- _What to do_
Determine how many lines below include the string "pour". Reply with the number only.

>>>

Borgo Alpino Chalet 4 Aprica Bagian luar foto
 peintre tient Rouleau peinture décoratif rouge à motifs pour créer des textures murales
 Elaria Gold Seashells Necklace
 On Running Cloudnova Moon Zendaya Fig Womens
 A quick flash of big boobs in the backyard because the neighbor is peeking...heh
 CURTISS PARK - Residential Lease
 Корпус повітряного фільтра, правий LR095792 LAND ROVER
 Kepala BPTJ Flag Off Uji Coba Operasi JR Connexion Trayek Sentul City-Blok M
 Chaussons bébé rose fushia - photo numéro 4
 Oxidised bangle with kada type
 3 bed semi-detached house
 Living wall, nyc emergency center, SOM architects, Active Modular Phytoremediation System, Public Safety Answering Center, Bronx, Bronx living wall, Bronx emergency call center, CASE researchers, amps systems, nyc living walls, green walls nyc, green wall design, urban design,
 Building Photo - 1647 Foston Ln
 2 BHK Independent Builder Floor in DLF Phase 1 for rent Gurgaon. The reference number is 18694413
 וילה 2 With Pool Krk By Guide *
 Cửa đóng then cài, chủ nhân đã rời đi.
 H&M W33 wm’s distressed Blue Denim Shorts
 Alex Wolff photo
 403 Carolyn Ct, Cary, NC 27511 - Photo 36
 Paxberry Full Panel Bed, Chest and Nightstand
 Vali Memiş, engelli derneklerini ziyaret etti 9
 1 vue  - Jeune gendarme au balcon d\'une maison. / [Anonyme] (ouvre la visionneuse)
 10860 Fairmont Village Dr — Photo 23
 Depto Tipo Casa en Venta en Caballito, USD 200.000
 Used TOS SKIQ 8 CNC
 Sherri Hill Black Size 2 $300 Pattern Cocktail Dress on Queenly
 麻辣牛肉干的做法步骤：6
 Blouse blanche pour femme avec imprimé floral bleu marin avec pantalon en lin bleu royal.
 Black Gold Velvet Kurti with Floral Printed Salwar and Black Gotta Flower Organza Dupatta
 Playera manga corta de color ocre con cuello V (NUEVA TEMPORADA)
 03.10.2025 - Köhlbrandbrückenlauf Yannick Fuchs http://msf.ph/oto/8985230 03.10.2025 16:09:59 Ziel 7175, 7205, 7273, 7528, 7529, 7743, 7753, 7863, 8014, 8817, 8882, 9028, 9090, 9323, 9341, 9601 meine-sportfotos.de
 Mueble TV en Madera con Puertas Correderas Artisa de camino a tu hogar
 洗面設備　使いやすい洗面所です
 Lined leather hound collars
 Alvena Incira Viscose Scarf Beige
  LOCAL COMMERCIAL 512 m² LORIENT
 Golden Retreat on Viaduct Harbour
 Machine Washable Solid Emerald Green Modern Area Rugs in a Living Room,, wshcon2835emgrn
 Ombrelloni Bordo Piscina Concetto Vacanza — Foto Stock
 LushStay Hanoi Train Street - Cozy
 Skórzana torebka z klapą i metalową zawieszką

<<<

- _Exercise output_
2